* [Task prompt]
Exactly the lines from the one containing "Sunrise Beach - Residential" through the one containing "Показать основное фото" in the listing below are to be copied, with the pictures left out.

* [Data provided]
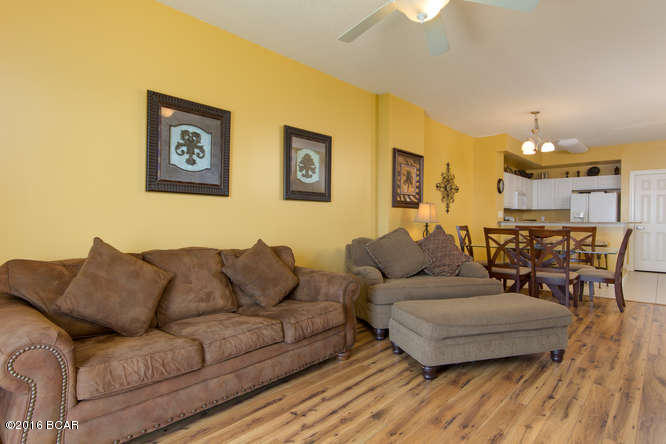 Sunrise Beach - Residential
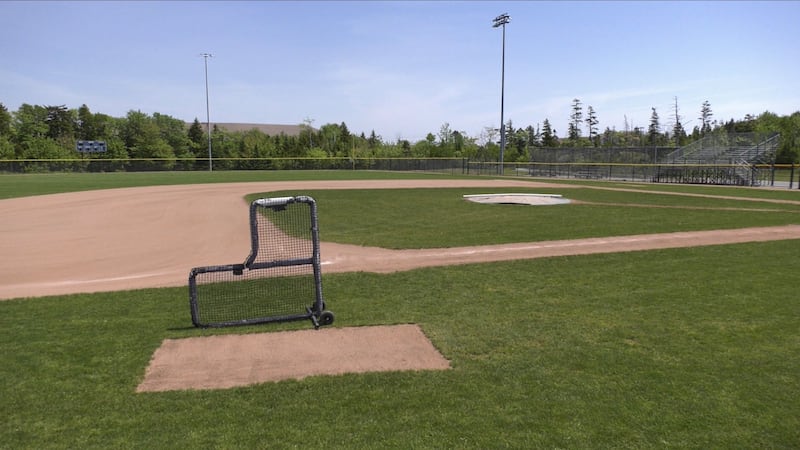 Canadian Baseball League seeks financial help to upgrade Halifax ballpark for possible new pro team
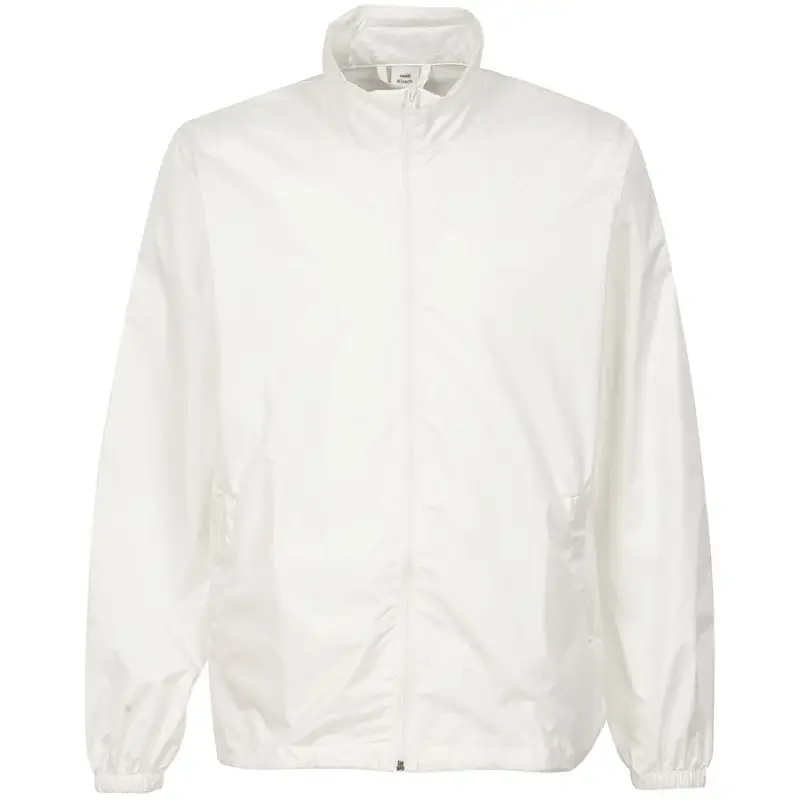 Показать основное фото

==

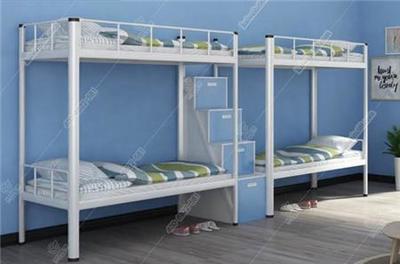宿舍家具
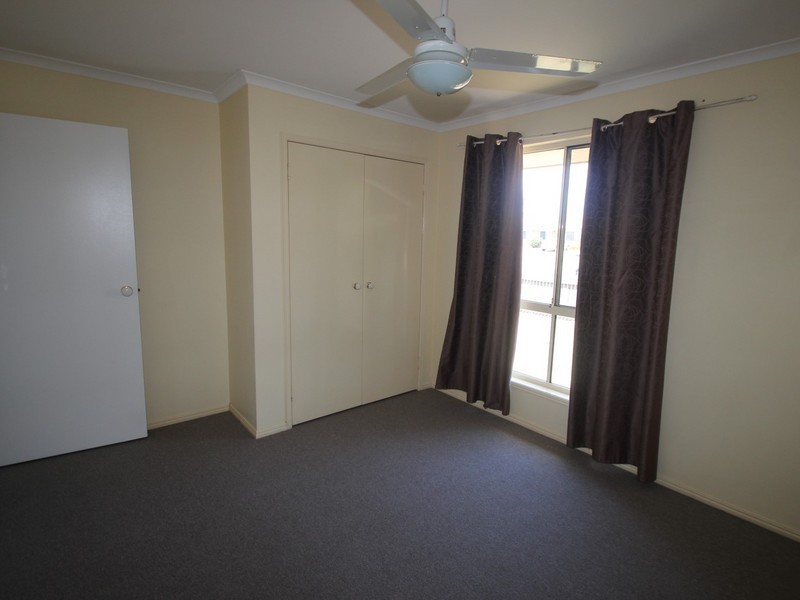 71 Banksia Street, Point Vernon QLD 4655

...

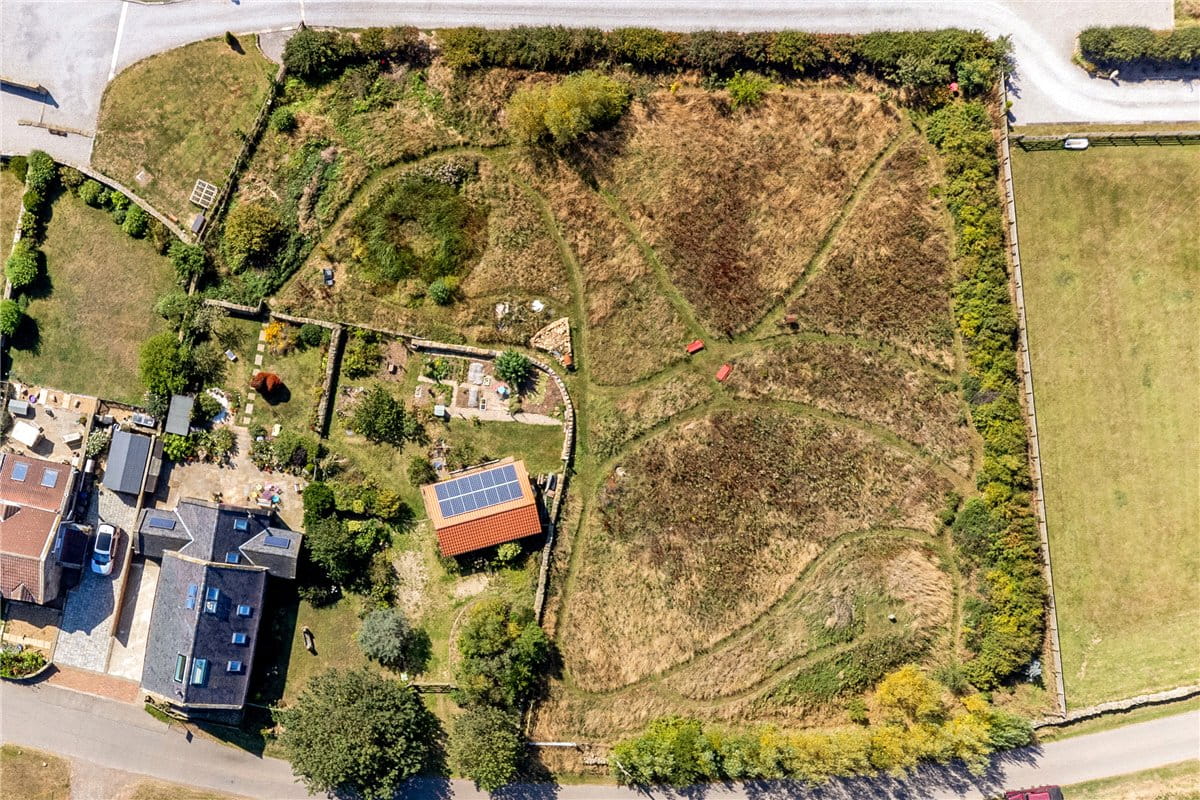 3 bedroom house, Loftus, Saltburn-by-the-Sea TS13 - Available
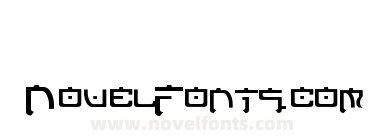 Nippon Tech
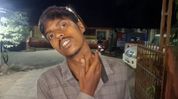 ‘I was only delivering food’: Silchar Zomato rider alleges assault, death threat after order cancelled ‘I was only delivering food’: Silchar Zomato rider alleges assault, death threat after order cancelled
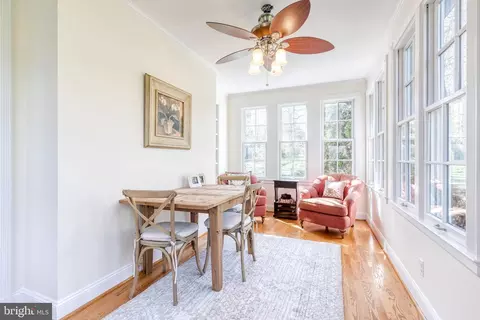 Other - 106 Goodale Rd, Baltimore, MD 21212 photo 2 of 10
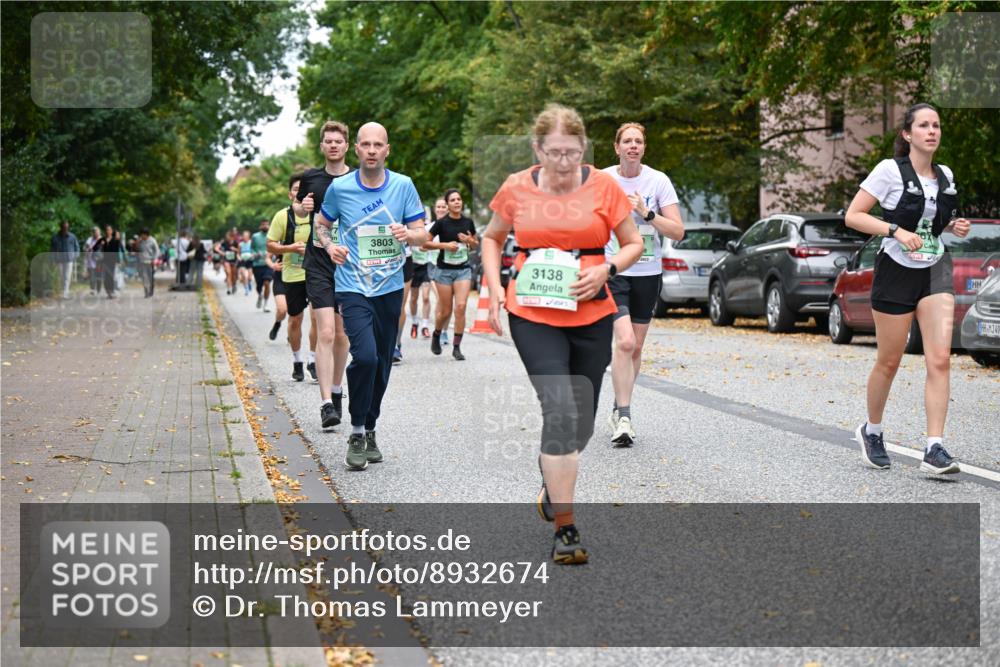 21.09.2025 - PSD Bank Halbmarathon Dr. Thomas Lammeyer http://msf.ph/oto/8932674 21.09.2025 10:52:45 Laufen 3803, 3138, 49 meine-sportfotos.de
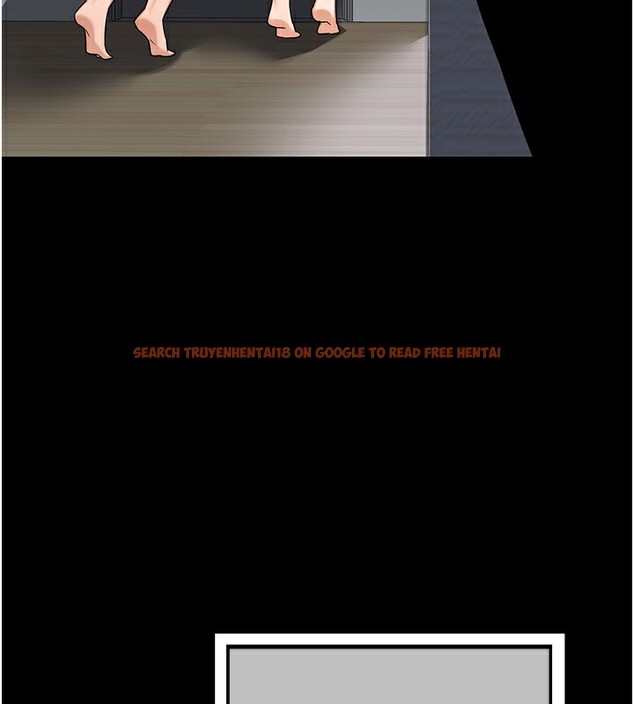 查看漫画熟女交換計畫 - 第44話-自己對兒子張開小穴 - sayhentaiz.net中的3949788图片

* [Task result]
 Sunrise Beach - Residential
 Canadian Baseball League seeks financial help to upgrade Halifax ballpark for possible new pro team
 Показать основное фото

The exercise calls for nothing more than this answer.